Tuesday, July 10, 2007


Feel Like Dancin'
So I just got back from L.A. and let me tell you there is nothing like dancing with my fellow Smith alums to make me feel like it's 1989 again. It's the healing power of dancing, or maybe it was the wine, or maybe it was Justin Timberlake. (Say what you will about the guy, you cannot listen to his tunes without busting out.) So what if we're all on the high end of our 30s, one of us has a kid, one of us is divorced and all of us can't seem to let a few details like that get in our way of showing our moves. There is nothing like good friends, good music and lots and lots of dancing.

Wednesday, July 04, 2007

The Princess Diaries

I have a confession. I just bought the July issue of Vanity Fair, the one Bono guest edited. And the first article I read wasn't about Kenya, or orphans in Malawi. It was about Princess Diana, an excerpt from Tina Brown's new book, The Diana Chronicles, on a hardly new subject: the Princess of people's hearts.

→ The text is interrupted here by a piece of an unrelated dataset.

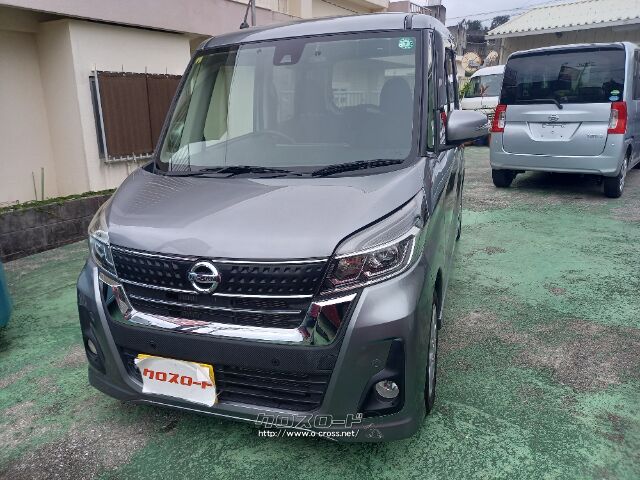 日産 デイズルークス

At first the placement seemed odd and even in poor taste. But then I realized that the whole issue was chock-full of celebrity humanitarians -- and that entire category was essentially created by Diana herself. Without Diana, there could be no Angelina Jolie.

Sure, the chapter is full of juicy bits, like how Di was so mad about losing her H.R.H. title after the divorce from Prince Charles; how she leaned on her son Prince William more than a mother should. And how she used the press to hide and flaunt her lovers. But it also reminded me of the good she did: publicizing the horror of landmines, humanizing children with AIDS.

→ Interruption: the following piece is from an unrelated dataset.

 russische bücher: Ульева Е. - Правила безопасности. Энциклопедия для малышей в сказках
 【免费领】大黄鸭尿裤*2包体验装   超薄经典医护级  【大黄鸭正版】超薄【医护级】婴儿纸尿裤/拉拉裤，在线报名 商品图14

I'm not sure what the Diana Chronicles will do to pump up the rep of the princess; her life and death are hardly a secret. But the book is certainly doing wonders for the career of Tina Brown. Another win for the princess.

Monday, July 02, 2007

Remembering Carolla

There are lots of dates that stick in our brains: birthdays, anniversaries, national holidays. But the one I hate to acknowledge but can't ever forget is the night my sister died. It stays with me the way I can't shake a bad dream. Three years is a long time and not very long at all.

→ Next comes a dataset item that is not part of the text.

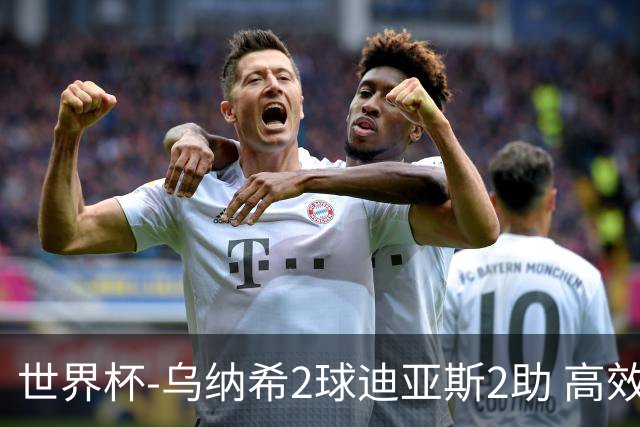 世界杯-乌纳希2球迪亚斯2助 高效摩洛哥3-0加拿大进8强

I ate a fortune cookie today that chided me: time heals all wounds. But it's not true. Grief and loss are non-linear. I wish it weren't so. But I can tell you from experience, it is.

My sister didn't want to be remembered as the one whose life was cut tragically short by cancer. If I can just get past losing her, I can pick up and help the world remember her the way she'd want it. Not starting at the end, but at the beginning.

Carolla, I'm trying.


State of Our Unions

It is so fitting that the Style section of the New York Times, the one on Sunday that features the Vows column and the paid wedding announcements, would also be tracking how well these marriages turn out. A front-page article trumpeted a Pew Research survey that the wedding bells are ringing far shorter than you may think. The length of your happy nuptials after all that wedding business is three quick years. The reason? Women's economic independence, for one. That's what the Times said, and I think they even meant it as a compliment. But it's not really. It means that women don't have to be married, so we split if things don't work out our way. We only stay if we're happy, see.

Another reason: women and men are actually not getting married, or getting married later. Or having kids out of wedlock.

My favorite wedding advice has always been: wait 10 years. It's what Larry and I did. And hey, our fifth anniversary is coming up, so my theory must be working.